ホロプランターと呼んだほこりちゃんたちの群れに触れないように縫って近づき、
「ビアフランカ先生の言った通り、本当に戻ってきたんだ……」
俺をまじまじと見て呟く。
スーは彼女の知り合いらしく、アプスを呼ぶように親しげなあだ名で紅い髪の少女を呼んだが、
「まったく。不審者かと思ったじゃない。あと、えっちゃんじゃなくてあたしのことはコズエさんでしょう」
厳しそうな緑の吊り目を光らせて呆れたように指摘した。
毎度のやりとりなのだろうか。俺を見ていた目付きに比べて格段にあたたかみがある。
彼女もまたスーやアプスと同じマグの生徒なのだろう。アプスも真面目な性格だったが、コズエと名乗った彼女のほうがよりストイックでしっかりとした印象を受ける話し方をしていた。
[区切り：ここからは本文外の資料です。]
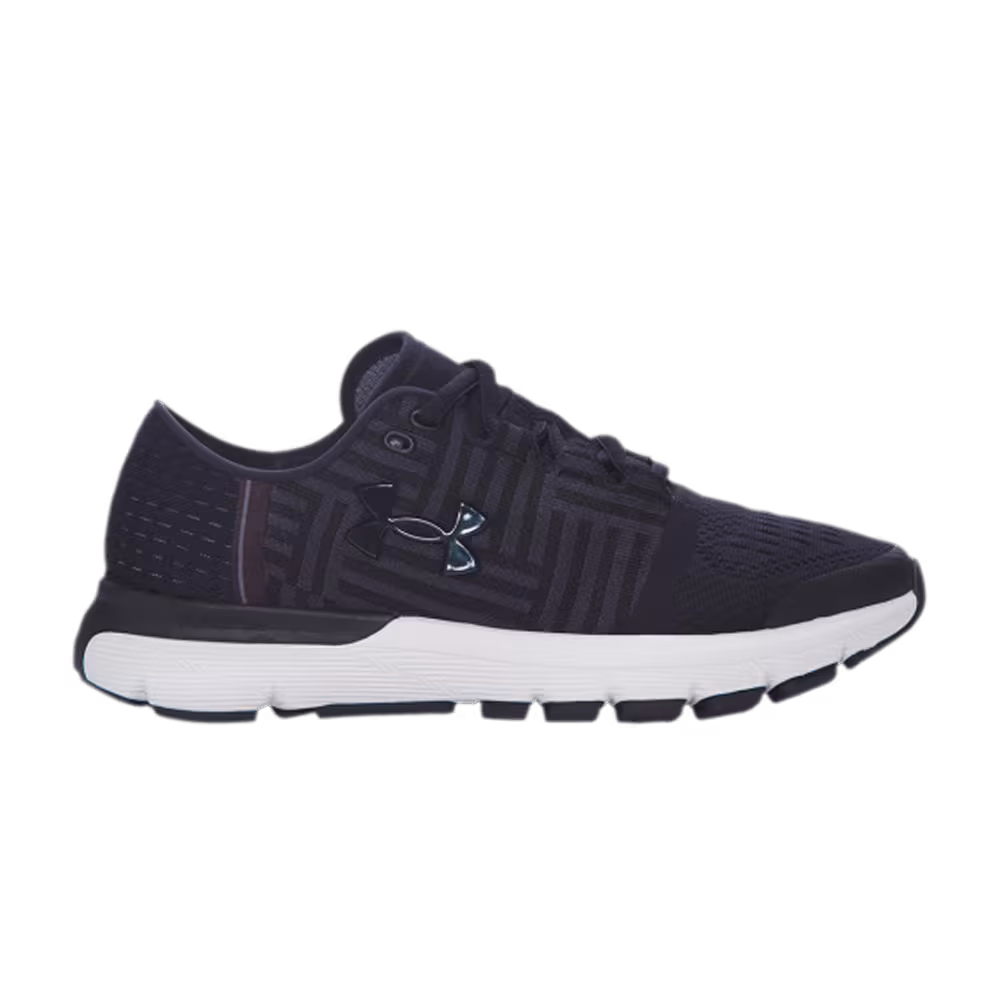 Under Armour Women's SpeedForm Gemini 3 Black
「貴方もストランジェットの親なら、自分の使い魔のしつけくらいきちんとなさいな」
確かに、コズエという名前でえっちゃんというあだ名には少し無理があるな。と妙な納得をしている俺にも彼女の凛とした注意が飛んできた。その話しぶりに、隣でスーがムッとする。
「使い魔じゃなくてボクと先生は恋人になって結婚する予定なの」
育ての親というのは先ほどのスーとの密談じみた会話にも出てきたし、特別な関係を望んでいるのも知っていたけれど、これにはまだ答えが出せないという決断をしていたので俺は無言を突き通す。
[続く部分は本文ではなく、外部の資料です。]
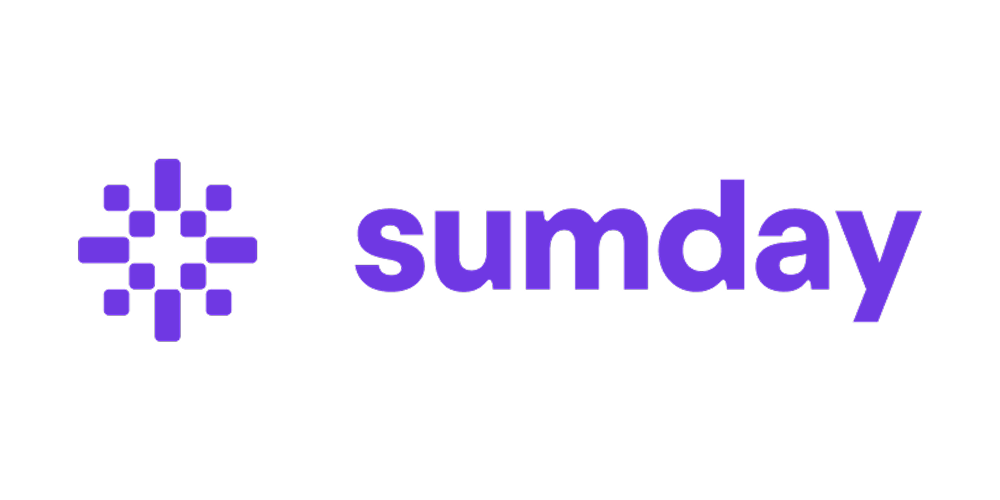 Sumday logo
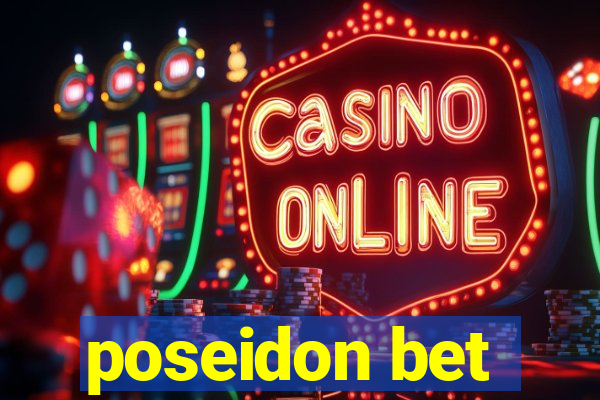 poseidon bet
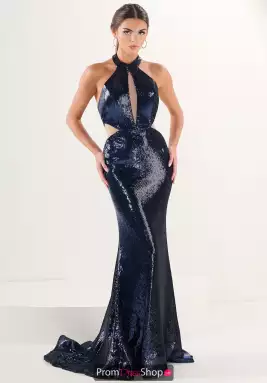 Tiffany Dress 16256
「貴女がそういうことを言うとディルバーがすぐ真似するからやめて」
スーと同じで俺よりもマグとスーとの関係をよく知っていそうな彼女がやれやれといった表情で手を振る。
「あのね、先生。ディルバーって、先生が亡くなってから学校に来たえっちゃんの彼氏なの。ボクより年下だけど、背が高くて猫耳が生えてて偉そうで……」
「へ、へぇ……」
「あの子は彼氏なんかじゃないわ」
頭に手を当てながら身体的特徴を説明し、俺に耳打ちをするスーにはっきりと言い切るコズエ。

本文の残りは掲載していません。